Larson D M, Copeland L J, Gallager H S, Kong J P, Wharton J T, Stringer C A

机构信息

Department of Gynecology, University of Texas M. D. Anderson Hospital and Tumor Institute at Houston.

出版信息

Cancer. 1988 Apr 15;61(8):1528-34. doi: 10.1002/1097-0142(19880415)61:8<1528::aid-cncr2820610808>3.0.co;2-9.

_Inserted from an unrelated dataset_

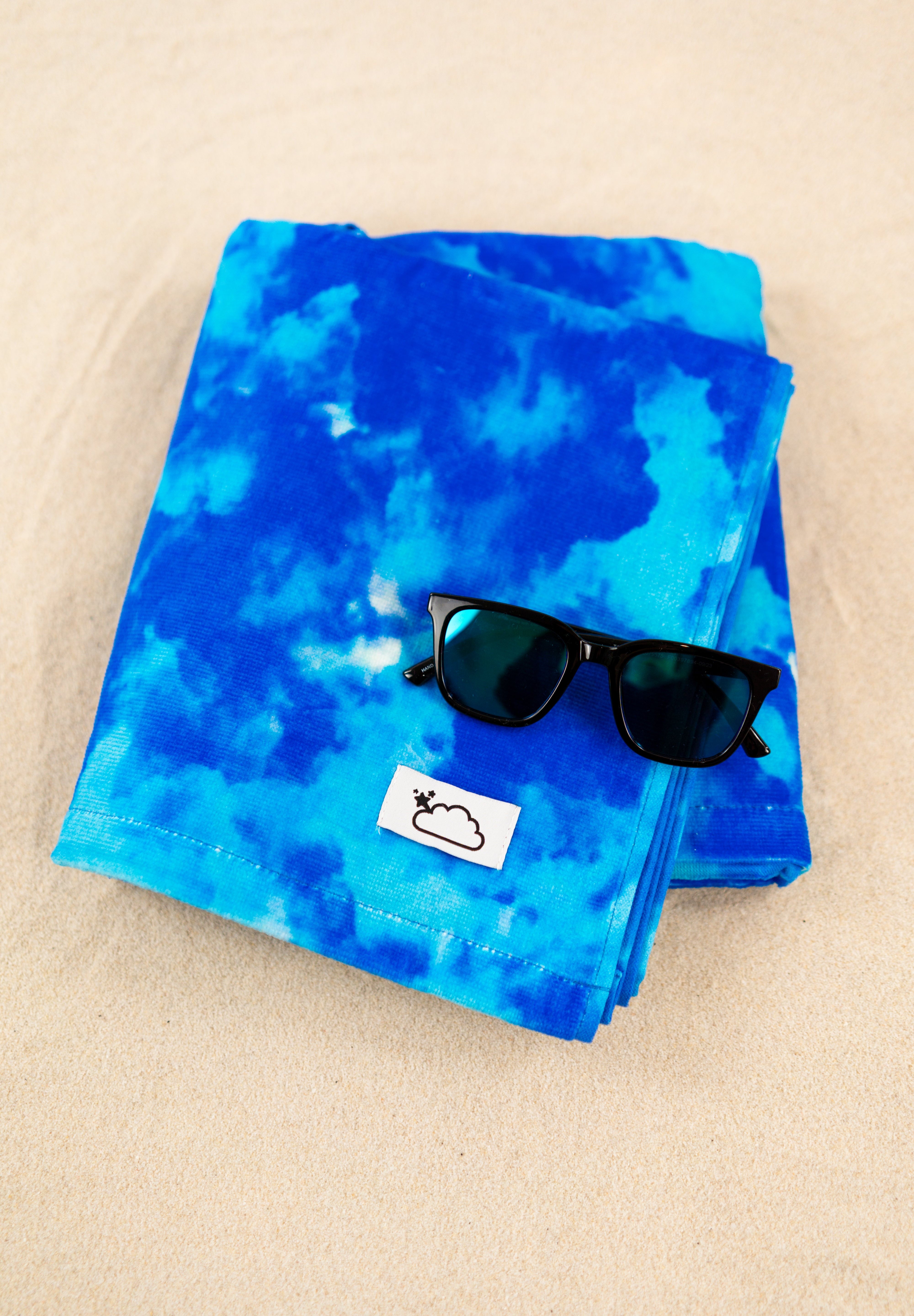 SAPPHIRE SEAS DREAM TOWEL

DOI:10.1002/1097-0142(19880415)61:8<1528::aid-cncr2820610808>3.0.co;2-9
PMID:3349418
Abstract

Since one third of the patients with Stage II endometrial carcinoma have occult extrauterine pelvic metastases at diagnosis, adequate treatment must include the pelvic lymph nodes and parametria. Eighty-three patients with Stage II endometrial carcinoma were treated between January 1964 and December 1983. Sixty-nine patients (83%) received combined whole-pelvic irradiation and surgery, five (6%) had surgery alone and nine (11%) had radiotherapy alone. Five-year actuarial survival rates were 67%, 60%, and 38%, respectively. No pelvic recurrence occurred in the 69 patients who received the combined therapy, and there was no vaginal recurrence in the 80 patients treated with intracavity radium. There was a significantly lower incidence of pelvic lymph node metastases (P = 0.03) in patients treated with preoperative irradiation. The median time to recurrence was 17 months, with 67% of the recurrences diagnosed before 2 years, and 88% within 5 years. Ten patients (12%) incurred severe complications and three died as a result. Whole-pelvic irradiation, intracavity radium, and hysterectomy are effective treatment for occult pelvic and vaginal disease.